Fridays or Saturday: Long run. I haven't been doing many long long runs lately, so I did 5 miles last Friday and 5.5 miles this Friday. I'm trying to do these runs a little faster than I used to and focus carefully on form! I was a little tired on today's run from my intense effort on Wednesday, but this was good in a way because it let me practice my mental toughness. I kept persevering through the run, telling myself, "You can do it." It worked -- I was able to finish strong.
So the GPS watch. I took the Nike+ Sportwatch out for its first go on Wednesday. I used to bring my cell on my runs and track myself that way using the Nike+ app and listening to music. With my focus on speed, I didn't want to have to carry anything on my runs, and I didn't want to listen to music -- I wanted 100% of my focus on my running -- speed, form, effort. In this way the watch was great!
It was easy to get the watch up and running (no pun intended) quickly.
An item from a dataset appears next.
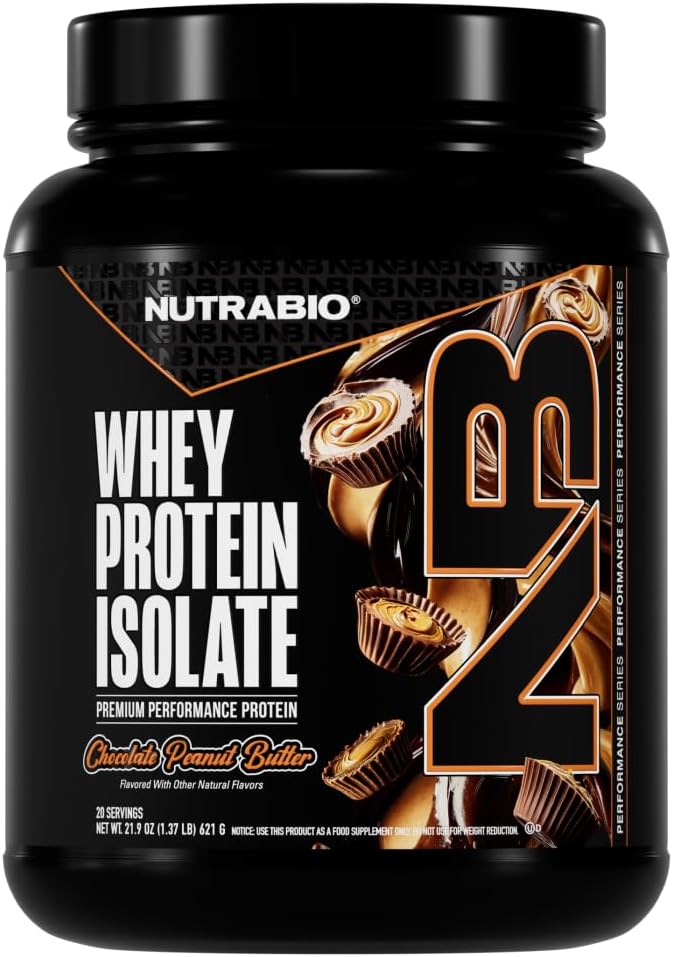 NutraBio 100% Whey Protein Isolate Protein Powder, 25g Protein with Complete Amino Acid Profile, Non-GMO, Soy & Gluten Free, Low Carb, Low Calorie Whey Protein Powder, Raw Unflavored, 20 Servings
In the box, you got the following items:
- GPS watch
- Senor pod: For putting in Nike shoes -- this doubles to track your movements if you're out of range of the GPS)
- USB cord: For uploading data to the Nike+ website and charging the watch
- Directions booklet
The watch's functions include:
- Average pace
- Time elapsed
- Laps (tracked via a tap function on the screen)
- Stop watch
- History and Records
The watch is very easy to use with only three buttons. Two for up and down, and one for select.
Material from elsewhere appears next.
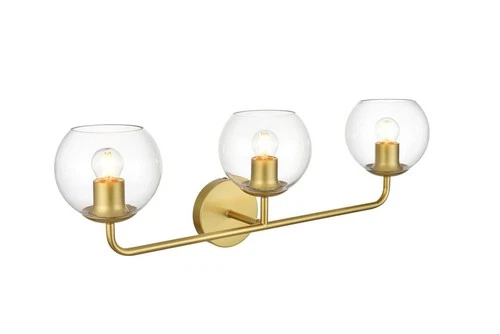 Elegant Lighting LD7321W28 Genesis 3 Light 10" Tall Bathroom - Brass - Picture 6 of 12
It's easy to get started running. Put the watch on your wrist, select "run" on the menu, let the GPS sync (which takes only a few seconds), and you're good to go.
The watch lets you chose what data you want to see on the main screen. There are two main areas where you can see data: a smaller display on the top, where you can scroll through data as your run using the up and down buttons, and a larger main display. You can make these customization using the Nike+ console when you plug your watch into the computer.
For my large display, I chose to see distance. For the main metric for the smaller display, I chose to see current pace, since this is what I am most focused on. Other popular options for the smaller display might be time elapsed or average pace. I have those metrics, plus a few others as options for viewing on the top menu -- I would just have to scroll to see them using the side buttons.
The watch also has functions for tracking laps and a stop watch. These two features use the tap technology. In order to track, you tap once on the screen to start and once to stop. This is also the method for activating the backlight. You have to tap briskly and firmly. The watch is not a touch screen. It took me a little while to get the hang of this, and it might be frustrating for tracking laps. I will need to practice this a bit more.
When you plug in your watch after a run, you get an entire host of data from the Nike+ website. A word of warning: the Nike+ website seems to have trouble with Chrome. Why a world-class company like Nike can't get their site to work on Chrome is beyond me. Firefox works fine though.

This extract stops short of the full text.